Various programs such as mail can invoke your choice of editor to edit a particular piece of text, such as a message that you are sending. By convention, most of these programs use the environment variable EDITOR to specify which editor to run. If you set EDITOR to ‘emacs’, they invoke Emacs—but in an inconvenient fashion, by starting a new, separate Emacs process. This is inconvenient because it takes time and because the new Emacs process doesn't share the buffers with any existing Emacs process.

You can arrange to use your existing Emacs process as the editor for programs like mail by using the Emacs client program and the server that is part of Emacs. Here is how.

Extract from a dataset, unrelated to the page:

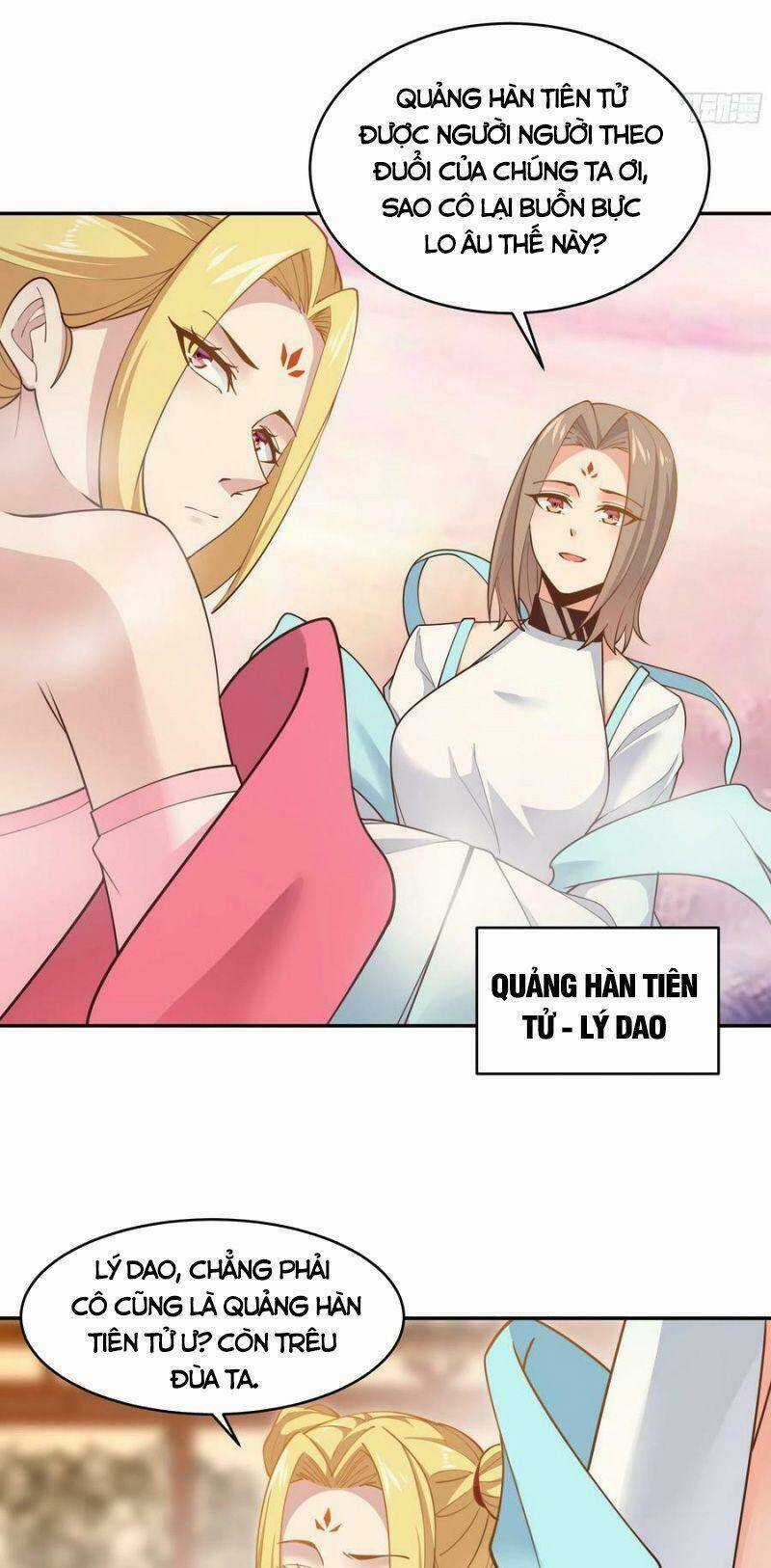 Trùng Sinh Đô Thị Thiên Tôn Chapter 381 trang 2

First, the preparations. Within Emacs, call the function server-start. (Your ‘.emacs’ init file can do this automatically if you add the expression (server-start) to it, see The Init File, ‘~/.emacs.) Then, outside Emacs, set the EDITOR environment variable to ‘emacsclient’. (Note that some programs use a different environment variable; for example, to make TeX use ‘emacsclient’, you should set the TEXEDIT environment variable to ‘emacsclient +%d %s’.)

As an alternative to using emacsclient, the file ‘etc/emacs.bash’ defines a Bash command edit which will communicate with a running Emacs session, or start one if none exist.

Now, whenever any program invokes your specified EDITOR program, the effect is to send a message to your principal Emacs telling it to visit a file. (That's what the program emacsclient does.) Emacs displays the buffer immediately and you can immediately begin editing it in the already running Emacs session.

When you've finished editing that buffer, type C-x # (server-edit). This saves the file and sends a message back to the emacsclient program telling it to exit. The programs that use EDITOR wait for the “editor” (actually, emacsclient) to exit. C-x # also checks for other pending external requests to edit various files, and selects the next such file.

You can switch to a server buffer manually if you wish; you don't have to arrive at it with C-x #. But C-x # is the way to say that you are finished with one.

Finishing with a server buffer also kills the buffer, unless it already existed in the Emacs session before the server asked to create it. However, if you set server-kill-new-buffers to nil, then a different criterion is used: finishing with a server buffer kills it if the file name matches the regular expression server-temp-file-regexp. This is set up to distinguish certain “temporary” files.

If you set the variable server-window to a window or a frame, C-x # displays the server buffer in that window or in that frame.

You can run multiple Emacs servers on the same machine by giving each one a unique “server name”, using the variable server-name. For example, M-x set-variable <RET> server-name <RET> foo <RET> sets the server name to ‘foo’. The emacsclient program can specify a server by name using the ‘-s’ option. See section Invoking emacsclient.

While mail or another application is waiting for emacsclient to finish, emacsclient does not read terminal input. So the terminal that mail was using is effectively blocked for the duration. In order to edit with your principal Emacs, you need to be able to use it without using that terminal. There are three ways to do this:

If you run emacsclient with the option ‘--no-wait’, it returns immediately without waiting for you to “finish” the buffer in Emacs. Note that server buffers created in this way are not killed automatically when you finish with them.